Siphon Flow Rate
Name: Larry
Status: other
Grade: other
Location: NE
Country: N/A
Date: 3/30/2005
Question:
Is it possible to determine a flow rate (for water)for a
siphon? I thought I had a standardized formula for this but cannot
currently find it.
Example of problem:
150 ft. long x 4 inch diameter corrugated plastic pipe.
Head range from 3.6 to 8.6 ft.
Replies:
Larry,
The flow through the pipe can be determined using one of the many
different formulas for determining friction losses in pipe.
DarcyWeisbach is one such formula, and Hazen and Williams is another.

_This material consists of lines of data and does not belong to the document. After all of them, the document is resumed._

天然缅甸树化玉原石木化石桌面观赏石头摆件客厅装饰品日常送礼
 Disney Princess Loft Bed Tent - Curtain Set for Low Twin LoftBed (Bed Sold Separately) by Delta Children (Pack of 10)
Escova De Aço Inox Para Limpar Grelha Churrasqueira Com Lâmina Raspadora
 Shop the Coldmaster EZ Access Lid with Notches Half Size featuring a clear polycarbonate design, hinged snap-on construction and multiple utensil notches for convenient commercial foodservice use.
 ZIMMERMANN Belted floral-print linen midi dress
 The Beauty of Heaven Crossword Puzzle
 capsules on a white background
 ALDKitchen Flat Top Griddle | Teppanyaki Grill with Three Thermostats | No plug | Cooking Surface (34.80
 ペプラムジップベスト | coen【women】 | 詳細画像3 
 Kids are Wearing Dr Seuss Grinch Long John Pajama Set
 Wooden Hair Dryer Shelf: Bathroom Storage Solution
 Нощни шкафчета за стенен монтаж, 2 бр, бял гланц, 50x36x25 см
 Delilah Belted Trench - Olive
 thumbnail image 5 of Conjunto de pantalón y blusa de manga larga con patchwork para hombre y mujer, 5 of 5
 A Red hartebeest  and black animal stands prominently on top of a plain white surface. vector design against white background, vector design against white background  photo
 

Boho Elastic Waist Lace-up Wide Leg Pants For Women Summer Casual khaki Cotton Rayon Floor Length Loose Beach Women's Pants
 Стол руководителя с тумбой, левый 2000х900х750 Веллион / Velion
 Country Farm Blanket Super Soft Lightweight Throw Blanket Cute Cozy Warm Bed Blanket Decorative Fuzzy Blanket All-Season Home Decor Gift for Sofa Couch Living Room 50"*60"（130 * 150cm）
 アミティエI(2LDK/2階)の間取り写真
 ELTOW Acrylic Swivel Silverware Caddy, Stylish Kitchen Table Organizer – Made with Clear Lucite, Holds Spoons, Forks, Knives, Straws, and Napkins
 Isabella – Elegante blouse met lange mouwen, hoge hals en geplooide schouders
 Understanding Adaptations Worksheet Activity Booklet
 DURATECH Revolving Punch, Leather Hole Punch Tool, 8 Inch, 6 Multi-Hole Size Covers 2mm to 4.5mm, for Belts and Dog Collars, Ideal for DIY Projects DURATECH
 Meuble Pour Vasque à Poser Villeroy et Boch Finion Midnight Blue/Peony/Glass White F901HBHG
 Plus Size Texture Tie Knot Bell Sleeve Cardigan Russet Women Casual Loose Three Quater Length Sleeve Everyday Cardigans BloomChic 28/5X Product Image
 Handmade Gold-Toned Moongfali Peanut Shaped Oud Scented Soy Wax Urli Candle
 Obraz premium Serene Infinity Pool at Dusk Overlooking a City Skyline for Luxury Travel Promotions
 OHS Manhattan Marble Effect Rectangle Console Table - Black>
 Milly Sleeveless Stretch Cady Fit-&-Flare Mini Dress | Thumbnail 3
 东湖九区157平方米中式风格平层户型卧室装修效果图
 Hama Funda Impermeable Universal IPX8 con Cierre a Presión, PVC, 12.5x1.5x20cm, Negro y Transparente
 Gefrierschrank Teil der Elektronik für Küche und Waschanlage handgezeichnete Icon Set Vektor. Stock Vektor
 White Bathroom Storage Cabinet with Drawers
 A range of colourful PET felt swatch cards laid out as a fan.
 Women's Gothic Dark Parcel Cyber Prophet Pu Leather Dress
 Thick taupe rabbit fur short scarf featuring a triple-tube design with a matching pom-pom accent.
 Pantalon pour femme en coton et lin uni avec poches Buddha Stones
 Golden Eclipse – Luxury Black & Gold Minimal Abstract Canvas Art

The driving force for your example problem is 5 ft. of head. Resistance
is offered from friction loss due to the length, diameter, flow, and
type of pipe (in this case corrugated plastic instead of smooth steel).
Hazen and Williams is an empirical formula which works well for water
flowing under turbulent conditions.
h(f) = 0.002083*L*(100/C)^1.85 * (gpm^1.85 / d^4.8655)
h(f) = Friction loss in pipe
L = equivalent length of straight pipe (taking into account fittings
etc.) (feet)
C = Friction Factor for type of pipe. For your example, I would use a
value of 60.
Gpm = Flow rate
d = pipe internal diameter (inches)
For your example, L = 150 ft, C = 60 and d = 4 inches. Make a plot of
flowrate vs headloss due to friction with headloss on the "Y" axis and
flow on the "X". Then draw a straight line at 5 ft of head. Where the
line intersects the curve will be the flowrate at which the friction
losses equal the driving force.
Bob Hartwell
First, siphon action.
I would not bet on a "standardized" formulas. My layman's
opinion, air pressure and any cohesion within the fluid are all the governing
forces. So, it does seem somewhat dependant on the fluid, say water and maple
syrup.
Now, if you zero in on water and know all its properties, one would seem to
have all one needs. Of the two factors, the air pressure, then the pipe
contributions, diameter, roughness ( coefficient of friction for flow) can be
ascertained, the water properties a lesser factor. So, final thought, it is
no one formula but an analysis of the particulars.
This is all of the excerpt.